I do think it was a triple threat; like you said, the airing schedule and fandom did it no favors, but there absolutely was havoc in the writer room. There was weird hidden agendas, infighting (a crew member legit got fired and started that weird ass hate campaign), and etc.

it definitely is better now, as a Whole Complete Thing, tho. and fucking god yes, future is phenomenal, and will forever have a spot on the podium as some of the best character writing, imo.

in reply to @JillKatze's post:

I think the only thing, in hindsight, that I don't enjoy about SU/Future is that it wanted to have it both ways. It wants to be a fun adventure cartoon. it wants a magical boy saving the galaxy, it wants lighthearted magic and cool battles. AND it wants the trauma, it wants the 'actually this was so terrible', the deconstruction, the incredible price of war

SU Future was cool but it felt like it went out of its way to recontextualize a lot of what we were shown as Fun Space Adventure to be like 'oh you LIKED that? You had FUN? This kid was a child soldier, not so fun NOW huh? Look how much it fucked him up! Don't you feel bad now?'

like

yes, I do feel bad now, thanks for that

still really liked both shows, I just didn't appreciate that

it really did thread the needle of "you kids want wild and crazy characters that have incredible sci fi adventure' AND have down to earth meaningful relatable problems?" from the Poochie episode of the Simpsons though, that's an incredible achievement

oh and the fandom collectively owe that one writer they drove off the internet for not catering to their fucking stupid ship a billion dollars

i was lucky enough to watch the show as it came out and only really talk about it with friends in-person or in group DMs, it really was a much better experience it seems. hopefully everyone can get to the point of simply thinking Bad Pearl is Good.
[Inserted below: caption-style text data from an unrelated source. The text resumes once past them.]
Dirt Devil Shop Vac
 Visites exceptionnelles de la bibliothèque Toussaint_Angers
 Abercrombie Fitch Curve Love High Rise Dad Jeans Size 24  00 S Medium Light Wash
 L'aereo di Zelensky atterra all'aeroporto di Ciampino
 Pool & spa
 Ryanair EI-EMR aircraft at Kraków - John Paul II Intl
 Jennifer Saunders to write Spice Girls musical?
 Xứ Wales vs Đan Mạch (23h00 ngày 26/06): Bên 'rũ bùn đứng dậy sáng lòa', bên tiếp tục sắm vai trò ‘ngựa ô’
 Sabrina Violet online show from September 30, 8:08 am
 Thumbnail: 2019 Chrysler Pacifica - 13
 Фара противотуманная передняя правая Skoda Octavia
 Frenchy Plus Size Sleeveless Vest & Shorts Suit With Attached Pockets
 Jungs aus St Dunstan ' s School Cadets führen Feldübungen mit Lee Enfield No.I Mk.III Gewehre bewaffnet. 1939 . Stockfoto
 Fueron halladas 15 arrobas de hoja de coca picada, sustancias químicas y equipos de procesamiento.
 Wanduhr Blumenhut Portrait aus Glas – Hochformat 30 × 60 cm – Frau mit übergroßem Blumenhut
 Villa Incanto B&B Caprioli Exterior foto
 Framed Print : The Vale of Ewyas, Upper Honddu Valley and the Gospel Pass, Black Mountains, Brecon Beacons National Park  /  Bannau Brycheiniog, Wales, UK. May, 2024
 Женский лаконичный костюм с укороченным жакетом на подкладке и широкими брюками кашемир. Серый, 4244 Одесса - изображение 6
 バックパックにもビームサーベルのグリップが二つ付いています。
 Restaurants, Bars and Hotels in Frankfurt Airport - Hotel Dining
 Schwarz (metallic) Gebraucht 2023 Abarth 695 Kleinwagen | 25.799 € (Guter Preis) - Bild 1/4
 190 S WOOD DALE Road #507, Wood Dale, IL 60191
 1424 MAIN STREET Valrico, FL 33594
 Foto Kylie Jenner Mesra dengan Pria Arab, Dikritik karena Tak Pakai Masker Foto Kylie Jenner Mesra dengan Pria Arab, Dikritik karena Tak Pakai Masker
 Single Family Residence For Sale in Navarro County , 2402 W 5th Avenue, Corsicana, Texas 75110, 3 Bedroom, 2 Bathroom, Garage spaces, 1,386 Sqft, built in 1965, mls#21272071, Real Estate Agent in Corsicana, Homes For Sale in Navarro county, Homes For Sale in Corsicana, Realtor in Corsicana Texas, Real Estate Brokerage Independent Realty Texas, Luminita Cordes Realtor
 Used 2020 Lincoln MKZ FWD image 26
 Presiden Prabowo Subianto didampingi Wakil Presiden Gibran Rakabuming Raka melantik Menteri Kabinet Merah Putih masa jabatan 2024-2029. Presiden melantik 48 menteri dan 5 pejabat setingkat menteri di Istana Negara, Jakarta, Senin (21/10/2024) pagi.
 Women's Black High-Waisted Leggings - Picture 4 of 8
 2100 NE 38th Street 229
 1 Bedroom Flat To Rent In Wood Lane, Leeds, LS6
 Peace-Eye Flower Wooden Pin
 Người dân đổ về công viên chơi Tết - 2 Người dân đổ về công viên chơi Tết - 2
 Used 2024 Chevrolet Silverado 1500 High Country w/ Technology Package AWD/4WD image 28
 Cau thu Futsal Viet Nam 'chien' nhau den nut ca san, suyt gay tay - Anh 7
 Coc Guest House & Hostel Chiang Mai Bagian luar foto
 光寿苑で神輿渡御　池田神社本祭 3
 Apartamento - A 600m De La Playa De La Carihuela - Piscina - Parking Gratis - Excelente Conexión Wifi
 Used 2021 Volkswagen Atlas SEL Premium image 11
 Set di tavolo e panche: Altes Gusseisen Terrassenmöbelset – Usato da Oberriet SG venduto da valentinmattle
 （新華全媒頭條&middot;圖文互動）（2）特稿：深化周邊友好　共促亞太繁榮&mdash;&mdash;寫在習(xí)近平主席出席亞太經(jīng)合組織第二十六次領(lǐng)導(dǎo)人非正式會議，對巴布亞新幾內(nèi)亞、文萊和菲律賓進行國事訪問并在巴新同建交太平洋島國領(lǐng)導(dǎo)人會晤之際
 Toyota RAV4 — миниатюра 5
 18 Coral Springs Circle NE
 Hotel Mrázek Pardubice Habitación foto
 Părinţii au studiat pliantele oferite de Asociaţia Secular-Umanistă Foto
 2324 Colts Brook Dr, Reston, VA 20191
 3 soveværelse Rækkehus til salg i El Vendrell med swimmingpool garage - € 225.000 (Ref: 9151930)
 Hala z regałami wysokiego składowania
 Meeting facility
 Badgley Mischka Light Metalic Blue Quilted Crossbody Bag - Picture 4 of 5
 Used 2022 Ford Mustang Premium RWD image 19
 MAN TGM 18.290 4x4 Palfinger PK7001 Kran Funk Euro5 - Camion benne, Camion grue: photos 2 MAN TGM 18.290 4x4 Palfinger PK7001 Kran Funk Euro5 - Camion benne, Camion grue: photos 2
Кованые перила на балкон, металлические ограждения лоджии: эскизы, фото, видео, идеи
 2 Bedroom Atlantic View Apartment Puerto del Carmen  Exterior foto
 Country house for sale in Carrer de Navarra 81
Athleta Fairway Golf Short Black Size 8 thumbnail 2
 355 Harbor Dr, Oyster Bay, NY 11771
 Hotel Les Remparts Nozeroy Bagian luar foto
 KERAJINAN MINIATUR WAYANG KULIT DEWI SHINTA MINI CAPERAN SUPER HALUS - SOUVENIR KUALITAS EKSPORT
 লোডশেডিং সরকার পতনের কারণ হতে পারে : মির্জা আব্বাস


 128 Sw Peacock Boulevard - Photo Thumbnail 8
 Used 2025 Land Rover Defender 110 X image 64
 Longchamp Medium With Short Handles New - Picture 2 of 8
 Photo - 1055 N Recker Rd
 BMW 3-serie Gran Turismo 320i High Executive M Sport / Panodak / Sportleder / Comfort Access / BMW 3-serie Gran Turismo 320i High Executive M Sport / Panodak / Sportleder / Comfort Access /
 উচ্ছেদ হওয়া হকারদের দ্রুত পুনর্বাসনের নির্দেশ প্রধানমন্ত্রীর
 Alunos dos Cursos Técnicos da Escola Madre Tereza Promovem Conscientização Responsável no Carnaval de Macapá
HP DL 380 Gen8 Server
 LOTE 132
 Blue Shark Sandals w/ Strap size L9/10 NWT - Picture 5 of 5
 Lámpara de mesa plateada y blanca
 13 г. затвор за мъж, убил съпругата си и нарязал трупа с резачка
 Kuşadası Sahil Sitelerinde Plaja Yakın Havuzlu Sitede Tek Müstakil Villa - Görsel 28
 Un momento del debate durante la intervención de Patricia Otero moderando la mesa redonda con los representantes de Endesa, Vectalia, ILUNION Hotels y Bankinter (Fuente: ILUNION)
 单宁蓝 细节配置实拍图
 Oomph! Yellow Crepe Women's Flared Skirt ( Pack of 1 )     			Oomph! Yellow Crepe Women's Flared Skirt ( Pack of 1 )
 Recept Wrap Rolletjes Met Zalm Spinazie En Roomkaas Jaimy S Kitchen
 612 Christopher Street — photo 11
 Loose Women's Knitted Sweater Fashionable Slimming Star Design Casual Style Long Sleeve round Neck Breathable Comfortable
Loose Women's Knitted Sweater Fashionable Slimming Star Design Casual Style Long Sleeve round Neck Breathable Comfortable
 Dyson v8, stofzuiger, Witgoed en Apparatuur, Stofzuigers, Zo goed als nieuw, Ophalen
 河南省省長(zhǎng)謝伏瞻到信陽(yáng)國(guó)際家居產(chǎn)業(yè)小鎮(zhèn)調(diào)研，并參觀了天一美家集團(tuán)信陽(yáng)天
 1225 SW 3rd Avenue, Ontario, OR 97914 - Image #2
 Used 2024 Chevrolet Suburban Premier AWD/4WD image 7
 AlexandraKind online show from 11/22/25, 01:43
Steven Universe was good actually, and I agree with all of the above. I also want to expand on one part of what @evanonline mentioned - 'steven universe was a victim of both its toxic fandom and the insane airing schedule'.

I've talked about this before - most notably in the context of Homestuck on the latest FITP - but it is really significant to look at what happened with the fandom during the "Steven Bombs" and the fallow periods. An experimental way to release the show, that ensured the fanbase would all have something big to look forward to...and then open the floodgates for gushing/ranting in the wake of each 'bomb. Great way to generate hype! Also a great way to make sure the fandom goes completely feral during the gaps between episode releases. I haven't gone back and tracked the timelines of the biggest SU fandom awfulness-spikes to see where they line up to the release schedule, but my suspicion is that there were some intense negative feedback loops driving the worst of it.